The Victory Monument
The monument which represents a soldier carrying the Sri Lankan lion flag and a weapon was erected to symbolize the success of the Wanni Humanitarian Operation, an operation carried out during the final phase of the 26 years long Sri Lanka Civil War that ended in May 2009 with the defeat of the Liberation Tigers of Tamil Eelam (LTTE) rebels, a militant group designated as a terrorist organization by 32 countries. The pond around the monument symbolizes the ocean surrounding the country and the national flower lilies which bloom in it symbolize the Sri Lankan nation. The granite boulders laden at the base of the monument represent the soil and the four lions standing at the four cardinal points portray the warriors who came from all directions to protect the country by sacrificing their lives.

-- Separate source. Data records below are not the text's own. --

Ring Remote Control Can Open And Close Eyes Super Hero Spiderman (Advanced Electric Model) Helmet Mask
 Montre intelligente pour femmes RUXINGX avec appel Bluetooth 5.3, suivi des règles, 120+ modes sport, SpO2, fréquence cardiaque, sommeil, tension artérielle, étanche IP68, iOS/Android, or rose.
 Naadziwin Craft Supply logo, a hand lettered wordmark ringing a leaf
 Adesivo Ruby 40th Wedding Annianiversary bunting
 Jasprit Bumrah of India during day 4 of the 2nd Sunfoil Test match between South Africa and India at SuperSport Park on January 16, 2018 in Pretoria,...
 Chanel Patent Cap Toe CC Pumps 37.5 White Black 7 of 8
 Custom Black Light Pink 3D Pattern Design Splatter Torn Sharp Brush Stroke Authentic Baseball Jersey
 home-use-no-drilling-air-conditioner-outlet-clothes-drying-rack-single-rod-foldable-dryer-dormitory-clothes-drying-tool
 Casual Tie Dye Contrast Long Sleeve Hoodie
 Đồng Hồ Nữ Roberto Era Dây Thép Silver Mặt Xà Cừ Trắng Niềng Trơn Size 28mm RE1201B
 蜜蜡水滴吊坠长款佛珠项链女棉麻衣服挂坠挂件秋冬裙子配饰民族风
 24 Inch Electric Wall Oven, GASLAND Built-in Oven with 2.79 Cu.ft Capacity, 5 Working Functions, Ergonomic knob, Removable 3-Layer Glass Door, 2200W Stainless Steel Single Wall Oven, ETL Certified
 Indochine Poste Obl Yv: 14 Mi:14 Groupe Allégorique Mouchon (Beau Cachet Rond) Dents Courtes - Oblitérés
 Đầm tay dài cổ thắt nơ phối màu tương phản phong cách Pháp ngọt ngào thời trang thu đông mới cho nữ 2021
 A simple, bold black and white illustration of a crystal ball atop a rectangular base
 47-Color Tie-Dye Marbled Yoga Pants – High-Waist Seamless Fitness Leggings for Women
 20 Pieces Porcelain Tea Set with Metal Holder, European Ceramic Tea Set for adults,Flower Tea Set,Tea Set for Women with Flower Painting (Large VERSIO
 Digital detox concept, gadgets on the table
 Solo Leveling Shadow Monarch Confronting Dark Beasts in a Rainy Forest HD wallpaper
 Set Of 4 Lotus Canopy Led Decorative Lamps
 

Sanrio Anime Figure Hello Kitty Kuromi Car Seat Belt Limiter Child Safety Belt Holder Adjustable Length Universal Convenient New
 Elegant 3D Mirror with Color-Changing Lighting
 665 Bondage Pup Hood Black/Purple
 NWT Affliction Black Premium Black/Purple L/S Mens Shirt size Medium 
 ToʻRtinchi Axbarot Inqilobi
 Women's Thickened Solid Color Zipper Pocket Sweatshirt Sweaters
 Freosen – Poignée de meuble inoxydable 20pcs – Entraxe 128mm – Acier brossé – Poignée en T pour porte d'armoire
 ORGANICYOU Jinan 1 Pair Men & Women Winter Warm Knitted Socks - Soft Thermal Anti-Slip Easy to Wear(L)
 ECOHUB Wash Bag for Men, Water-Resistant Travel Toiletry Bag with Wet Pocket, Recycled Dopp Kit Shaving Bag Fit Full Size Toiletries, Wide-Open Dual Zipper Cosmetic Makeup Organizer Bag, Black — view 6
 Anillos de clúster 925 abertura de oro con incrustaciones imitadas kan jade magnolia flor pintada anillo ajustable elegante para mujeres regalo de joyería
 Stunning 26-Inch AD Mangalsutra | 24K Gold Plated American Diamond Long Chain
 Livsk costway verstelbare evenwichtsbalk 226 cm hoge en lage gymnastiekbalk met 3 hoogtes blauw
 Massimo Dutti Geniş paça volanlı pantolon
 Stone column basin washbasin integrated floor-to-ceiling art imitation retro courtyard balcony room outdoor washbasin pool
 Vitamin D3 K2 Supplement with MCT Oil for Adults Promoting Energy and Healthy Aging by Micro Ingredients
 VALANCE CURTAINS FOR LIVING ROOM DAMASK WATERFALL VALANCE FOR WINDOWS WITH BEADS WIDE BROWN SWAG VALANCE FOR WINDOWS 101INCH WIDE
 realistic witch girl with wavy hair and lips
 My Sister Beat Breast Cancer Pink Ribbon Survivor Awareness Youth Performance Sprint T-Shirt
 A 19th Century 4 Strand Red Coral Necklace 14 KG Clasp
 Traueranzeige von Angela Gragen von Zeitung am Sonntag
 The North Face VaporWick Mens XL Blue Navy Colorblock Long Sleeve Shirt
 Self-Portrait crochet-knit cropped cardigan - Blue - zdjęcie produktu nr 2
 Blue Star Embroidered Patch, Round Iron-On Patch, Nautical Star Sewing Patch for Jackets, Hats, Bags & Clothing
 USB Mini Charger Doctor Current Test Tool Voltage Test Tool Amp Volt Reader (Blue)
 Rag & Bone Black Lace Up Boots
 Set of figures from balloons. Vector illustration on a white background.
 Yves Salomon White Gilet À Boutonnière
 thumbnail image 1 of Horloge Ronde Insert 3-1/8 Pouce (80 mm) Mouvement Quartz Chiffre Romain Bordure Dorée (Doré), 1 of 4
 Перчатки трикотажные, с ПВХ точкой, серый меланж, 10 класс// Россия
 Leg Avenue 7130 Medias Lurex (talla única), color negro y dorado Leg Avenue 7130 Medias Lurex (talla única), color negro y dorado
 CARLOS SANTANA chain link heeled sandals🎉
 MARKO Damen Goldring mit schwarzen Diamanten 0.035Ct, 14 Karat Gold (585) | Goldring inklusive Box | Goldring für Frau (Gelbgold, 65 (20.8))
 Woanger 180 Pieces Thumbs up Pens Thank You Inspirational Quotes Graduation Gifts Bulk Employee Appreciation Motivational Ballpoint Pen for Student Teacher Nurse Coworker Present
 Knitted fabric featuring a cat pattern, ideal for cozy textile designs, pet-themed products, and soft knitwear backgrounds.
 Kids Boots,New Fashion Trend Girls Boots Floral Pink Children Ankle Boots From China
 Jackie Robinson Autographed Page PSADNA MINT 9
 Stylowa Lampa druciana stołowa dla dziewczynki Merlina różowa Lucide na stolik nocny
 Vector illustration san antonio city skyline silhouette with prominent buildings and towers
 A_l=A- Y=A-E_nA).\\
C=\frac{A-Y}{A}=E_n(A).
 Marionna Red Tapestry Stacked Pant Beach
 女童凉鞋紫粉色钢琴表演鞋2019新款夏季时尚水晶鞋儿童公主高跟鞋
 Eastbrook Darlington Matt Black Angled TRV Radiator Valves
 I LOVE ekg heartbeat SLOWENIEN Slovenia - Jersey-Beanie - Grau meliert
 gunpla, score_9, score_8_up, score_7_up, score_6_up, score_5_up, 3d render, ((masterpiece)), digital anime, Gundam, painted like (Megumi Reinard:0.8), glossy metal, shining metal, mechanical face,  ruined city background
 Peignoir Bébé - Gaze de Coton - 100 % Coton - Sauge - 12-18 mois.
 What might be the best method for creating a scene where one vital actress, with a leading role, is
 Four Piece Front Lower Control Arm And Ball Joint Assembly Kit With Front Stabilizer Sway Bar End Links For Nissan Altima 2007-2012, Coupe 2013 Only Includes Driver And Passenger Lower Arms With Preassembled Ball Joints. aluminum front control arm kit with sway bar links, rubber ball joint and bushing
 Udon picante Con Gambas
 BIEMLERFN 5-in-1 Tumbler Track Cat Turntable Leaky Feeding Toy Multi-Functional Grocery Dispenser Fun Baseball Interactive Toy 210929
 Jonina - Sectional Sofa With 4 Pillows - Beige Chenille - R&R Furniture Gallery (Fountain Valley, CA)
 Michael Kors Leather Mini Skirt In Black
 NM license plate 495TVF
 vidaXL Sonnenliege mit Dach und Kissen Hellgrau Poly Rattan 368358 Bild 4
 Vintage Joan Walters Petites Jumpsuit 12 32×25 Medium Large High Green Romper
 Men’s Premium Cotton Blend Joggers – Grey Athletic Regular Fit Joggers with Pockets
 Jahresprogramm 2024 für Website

The soldier who emerges from the ground holding a weapon symbolizes the heroic troops while the lion flag on his hand depicts the pride of the country. The pigeon taking wings symbolized the conspicuous peace to the nation.

The War Museum
The war museum is located next to the Victory Monument. It displays several weapons and assault vehicles/ships used by the LTTE rebels during the civil war (Hyndman & Amarasingam, 2014). 

See also

1) Hyndman, J. and Amarasingam, A., 2014. Touring “Terrorism”: Landscapes of Memory in Post‐War Sri Lanka. Geography Compass, 8(8), pp.560-575. 
2) McCargo, D. and Senaratne, D., 2020. Victor’s memory: Sri Lanka’s post-war memoryscape in comparative perspective. Conflict, Security & Development, 20(1), pp.97-113.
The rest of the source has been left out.